__Try it__: Copy each entry verbatim, excluding its images.

(The input begins)

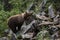 Large predator Brown bear, Ursus arctos sniffing in a summery Finnish taiga forest, Northern Europe.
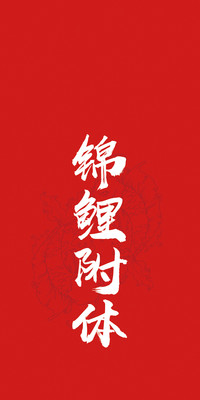 个性化后盖彩膜
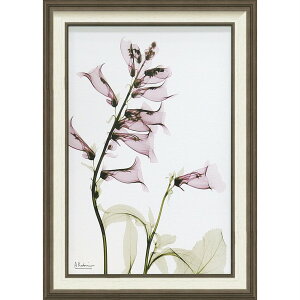 LoXA[g X RAY LoXA[guTrAiMTCYjv/CeA z z i |X^[ A[g Vv_ mg[ A[gpl rO  v[g  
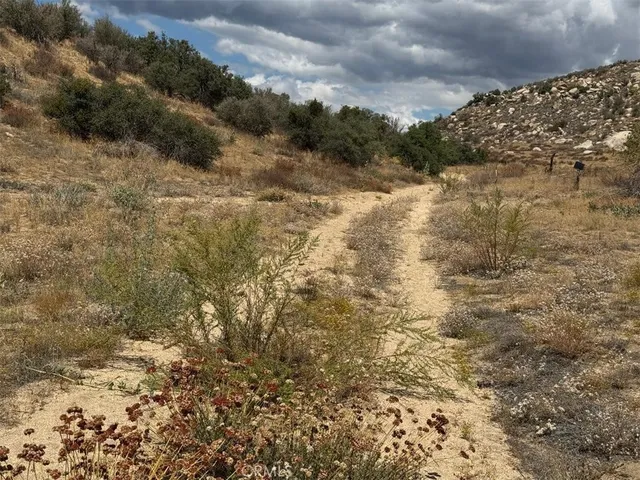 a view of a dry yard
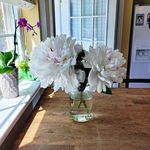 Debbie Cahoon - @dmcahoon - Instagram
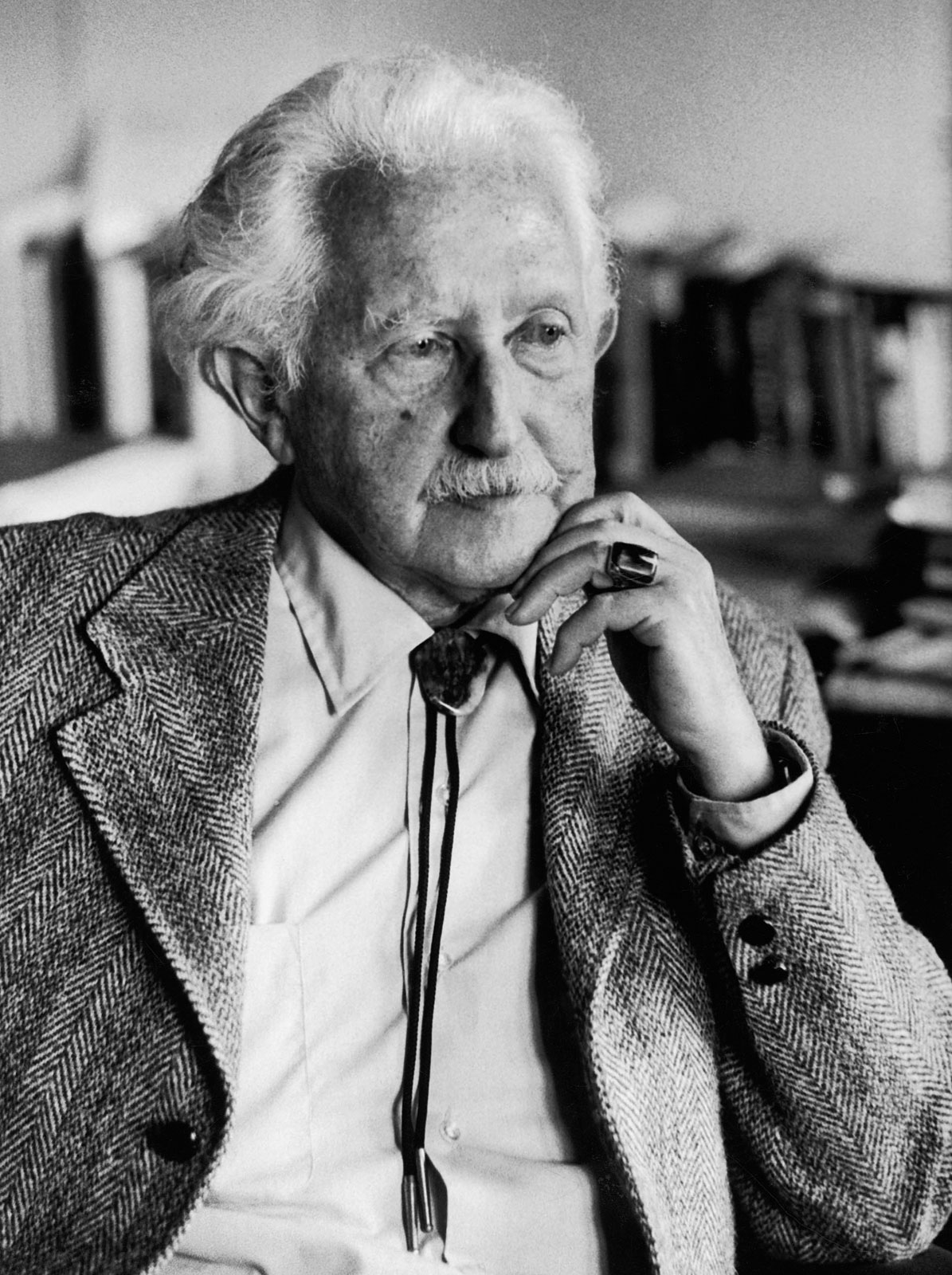 Erik erikson major point of view picture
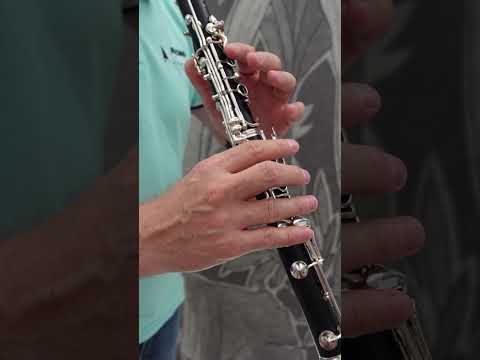 Tutorial, Hej, sokoły, klarnet, clarinet, instrukcja gry 单簧管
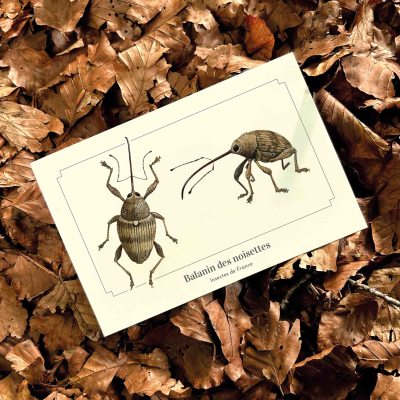 Carte postale naturaliste - Balanin des noisettes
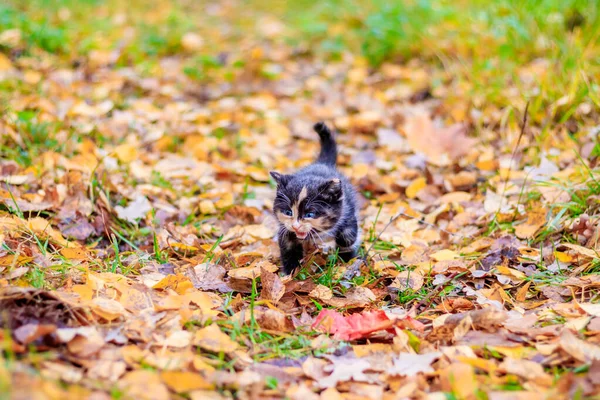 Sonbahar Ormanında Yaprakları Olan Sevimli Bir Kedi Yavrusu — Stok fotoğraf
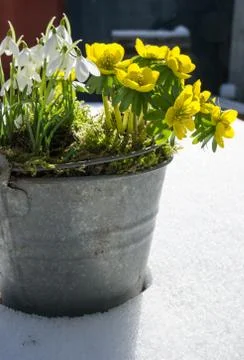 The first signs of spring. Winter aconite and snowdrops Stock Photos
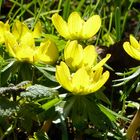 Winterling (Eranthis)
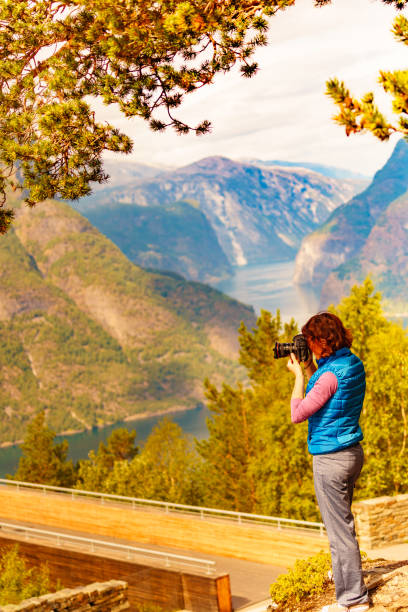 Tourist on nature take travel picture, Norway Tourist woman over Stegastein lookout taking with camera travel picture, enjoying fjord mountains landscape. National tourist scenic route Aurlandsfjellet in Norway stegastein viewpoint stock pictures, royalty-free photos & images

(The input ends)

__Your solution__:
 Large predator Brown bear, Ursus arctos sniffing in a summery Finnish taiga forest, Northern Europe.
 个性化后盖彩膜
 LoXA[g X RAY LoXA[guTrAiMTCYjv/CeA z z i |X^[ A[g Vv_ mg[ A[gpl rO  v[g  
 a view of a dry yard
 Debbie Cahoon - @dmcahoon - Instagram
 Erik erikson major point of view picture
 Tutorial, Hej, sokoły, klarnet, clarinet, instrukcja gry 单簧管
 Carte postale naturaliste - Balanin des noisettes
 Sonbahar Ormanında Yaprakları Olan Sevimli Bir Kedi Yavrusu — Stok fotoğraf
 The first signs of spring. Winter aconite and snowdrops Stock Photos
 Winterling (Eranthis)
 Tourist on nature take travel picture, Norway Tourist woman over Stegastein lookout taking with camera travel picture, enjoying fjord mountains landscape. National tourist scenic route Aurlandsfjellet in Norway stegastein viewpoint stock pictures, royalty-free photos & images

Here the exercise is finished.